Synergistic beneficial effect of PBT2 and TETRA. (A, B) Pharyngeal performance of worms fed 100 μg/ml cardiotoxic LC (H7-BJ) for 2 h and then treated for 30 min with (A) 25 μM CQ, 20 μM TETRA, or 2 nM PBT2 or with (B) 0.5–2 nM PBT2 alone or together with 20 μM TETRA. Control worms fed vehicle alone. **p < 0.001, *p < 0.005 versus vehicle, °°p < 0.001 versus cardiotoxic LC, one-way ANOVA and Bonferroni's post hoc test. ^§§p < 0.01 significant interaction versus worms fed cardiotoxic LC +0.5 nM PBT2, two-way ANOVA and Bonferroni's post hoc test.

FIG. 8.

Proposed model for metal ion involvement in the mechanism underlying the LC-induced toxicity.

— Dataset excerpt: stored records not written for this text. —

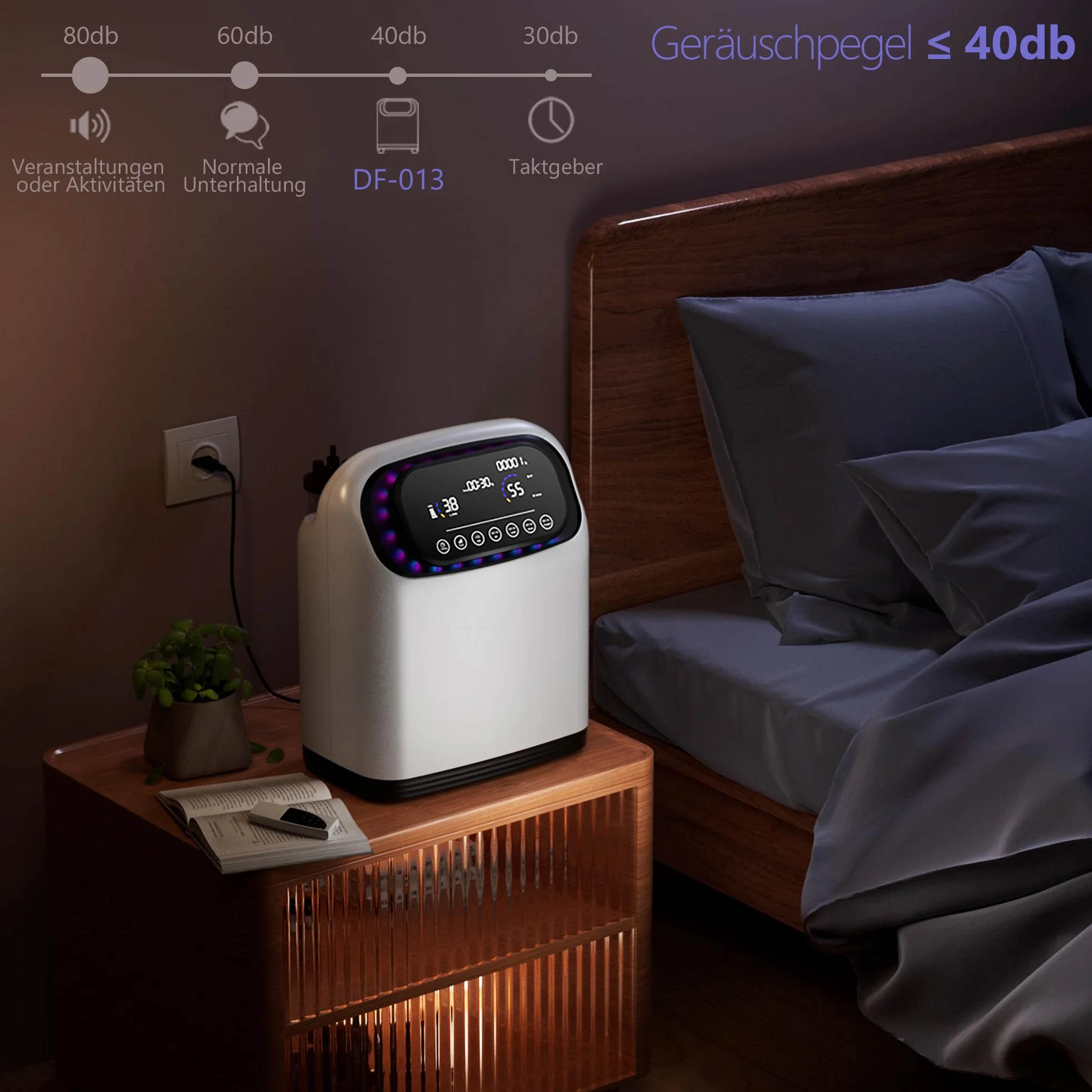 Koncentrator tlenu 1-8 litrów, ciągłe dostarczanie 90% ± 3% tlenu przez 24 godziny na dobę, nadaje się do domu, biura i w podróży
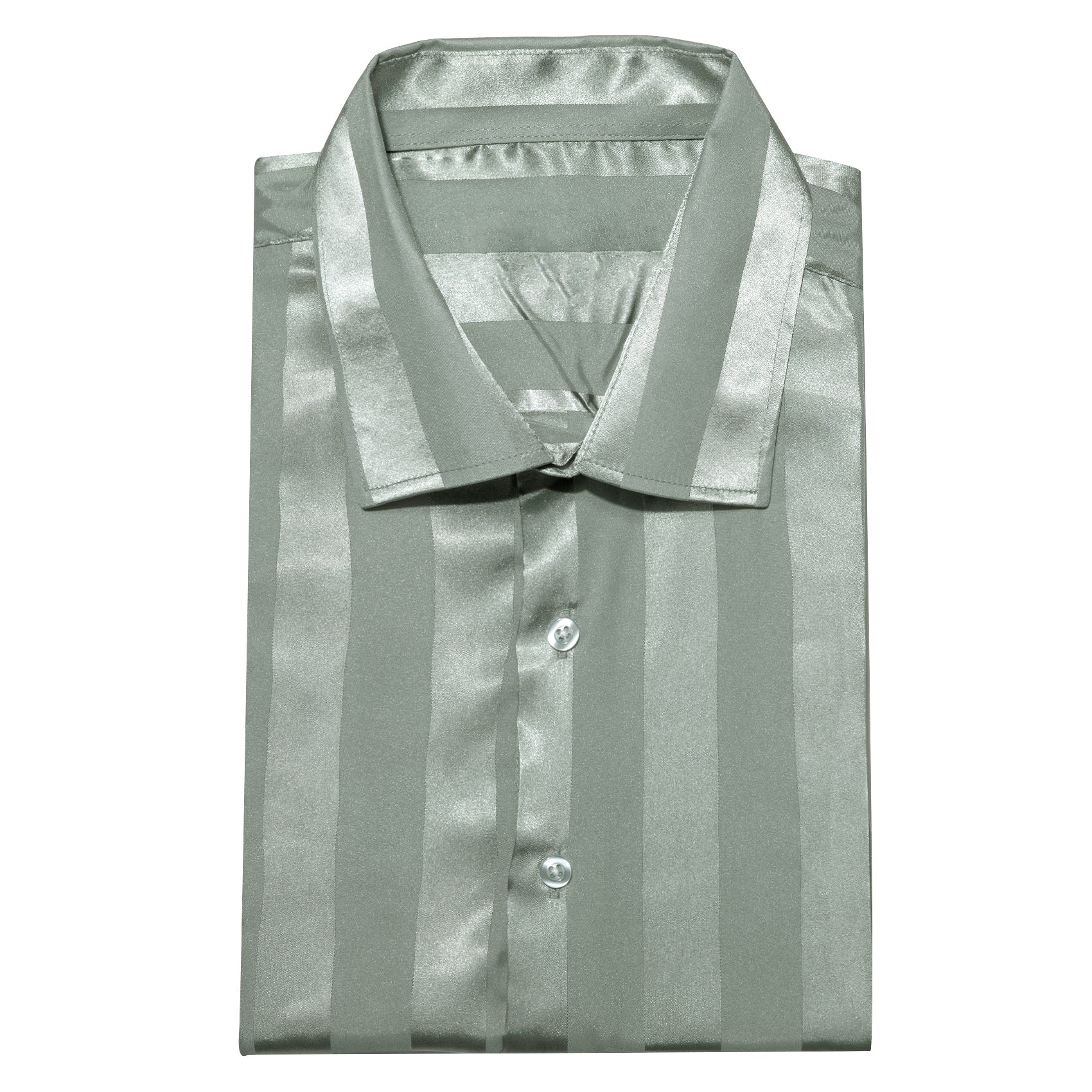 Bean Green Striped Shiny Satin Men's Long Sleeve Shirt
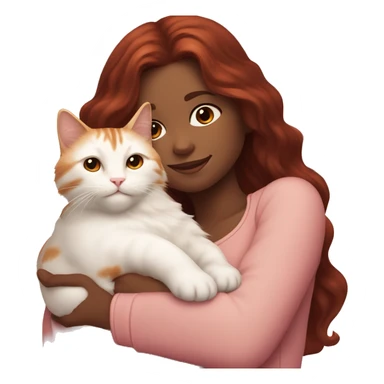 girl with long very dark red wavy hair and dark brown eyes and light pink outfit hugging a white & ginger cat  sticker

Based on our current knowledge, redox-active transition metals, particularly copper, drive the ability of cardiotoxic LC to produce ROS in vivo. The excessive production of ROS can directly target the pharyngeal cells, damaging the organelle functions and the ultrastructure, particularly at the mitochondrial level. ROS can be also produced as a result of the mitochondrial dysfunction requiring copper and iron for the activation of the enzymes involved in the oxidative phosphorylation pathway. Intracellular signaling events aimed at limiting and repairing the stress-induced damage are activated. Mitochondria reacts to ROS by inducing the expression of the scavenger protein SOD-3. In addition, the chaperone HSP-16.2, an αB-crystallin-related protein, is activated as well as the nuclear translocation of the FOXO/DAF-16 transcription factor. This last one can trigger a secondary ROS-induced cellular response by inducing the transcription of stress-responsive genes, including hsp-16.2 and sod-3, and controlling longevity. FOXO, forkhead transcription factors.